1989 Ungava earthquake
- UTC time: 1989-12-25 14:24:34
- ISC event: 384953
- USGS-ANSS: ComCat
- Local date: 25 December 1989
- Local time: 09:24:34
- Magnitude: 6.3 M_{s}, 6.0 M_{w}
- Depth: <5 km
- Epicenter: 60°07′N 73°36′W﻿ / ﻿60.12°N 73.60°W
- Areas affected: Canada
- Max. intensity: MMI IV (Light)
- Foreshocks: 5.1 mb^{(PDE)} 1989-12-25 04:25
- Casualties: None

= 1989 Ungava earthquake =

Earthquake in Canada

The 1989 Ungava earthquake occurred at 09:24 local time (14:24 UTC) on 25 December to the north of Lac Bécard in a remote part of the Ungava Peninsula in northern Quebec. It had a magnitude of 6.3 on the surface-wave magnitude scale and 6.2–6.5 on the moment magnitude scale and a maximum felt intensity of only IV (Light) on the Mercalli intensity scale, due to its remoteness from any inhabited areas. The mainshock was preceded by a magnitude 5.1 foreshock ten hours earlier. It was the first earthquake in eastern North America known to be associated with ground rupture.

==Tectonic setting==
The northern part of Quebec lies mainly on the Minto block of the Superior craton. The earthquake occurred within the Utsalik domain, which consists mainly of Archean granitic and granodioritic rocks. A number of northerly trending brittle fault zones have been recognized in the domain. The area has been tectonically quiescent since the Archean. However, like most of the Canadian Shield, it is currently experiencing post-glacial rebound.

==Earthquake==
The mainshock was preceded by a series of foreshocks, starting with a magnitude 5.1 event about 10 hours earlier. The hypocentral depth was very shallow, less than 5 km.

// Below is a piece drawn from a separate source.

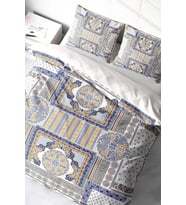 Çift Kişilik Nevresim Takımı Sık Dokuma Pamuk Saten 3d Özel Tasarım Blue Patchwork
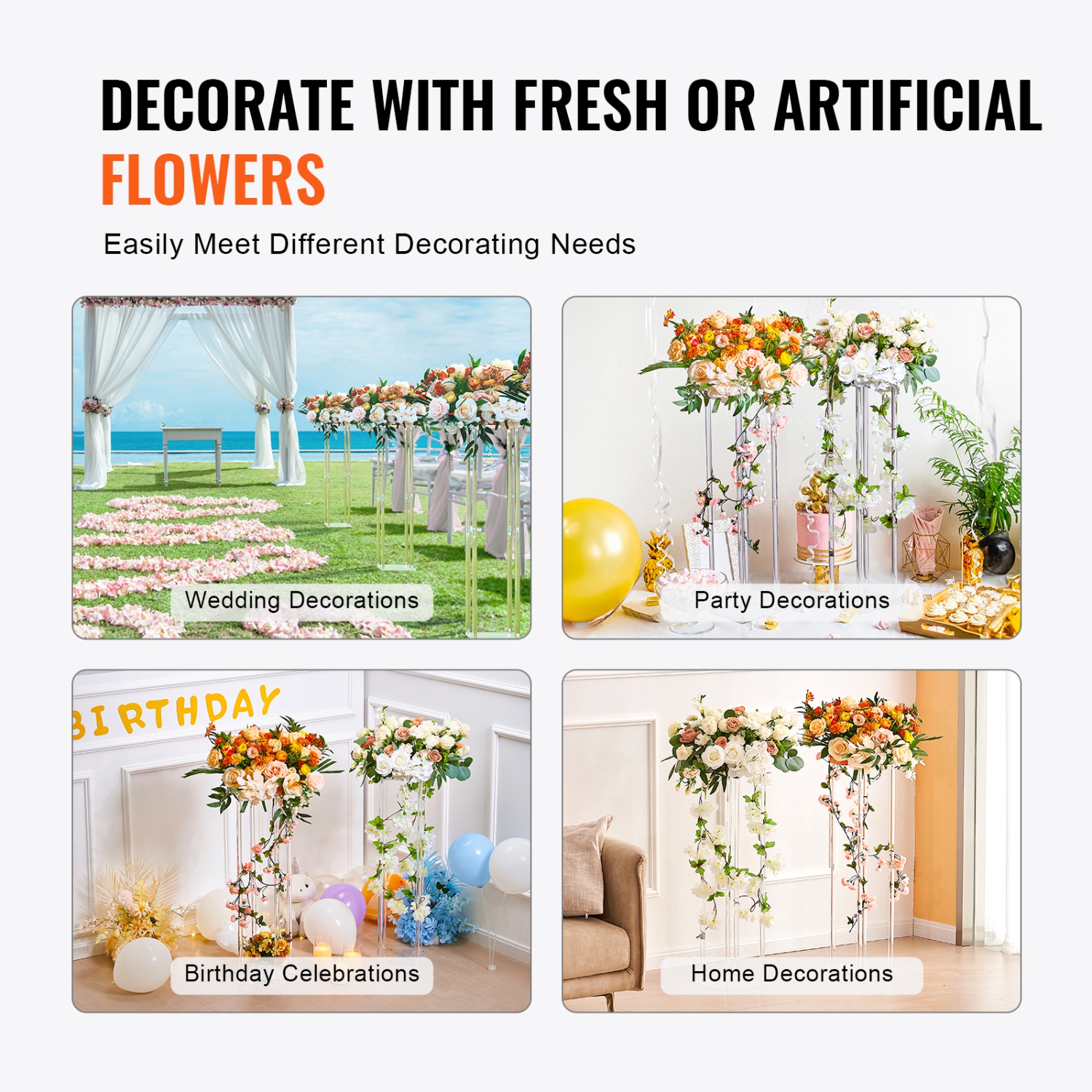 Support de fleurs de mariage haut VEVOR 2PCS 31,5&nbsp;po, colonne de vase en acrylique, centre de table géométrique, présentoir floral pour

Modelling of seismic waveforms shows that the earthquake was caused by two sub-events, a thrust event followed almost immediately by a strike-slip event. The surface offsets show consistent thrust faulting over a distance of 8.5 km, with a maximum displacement of 1.8 m near the centre of the zone. The fault zone has a strike of N 038° E. There is no evidence of previous rupture along the fault zone.

The northwest-southeast orientation of the maximum horizontal stress derived from the observed focal mechanism is at a high angle to the regional stress field for North America. It has been suggested that this compression is a result of the area being in a 'saddle zone' between two centres of post-glacial uplift.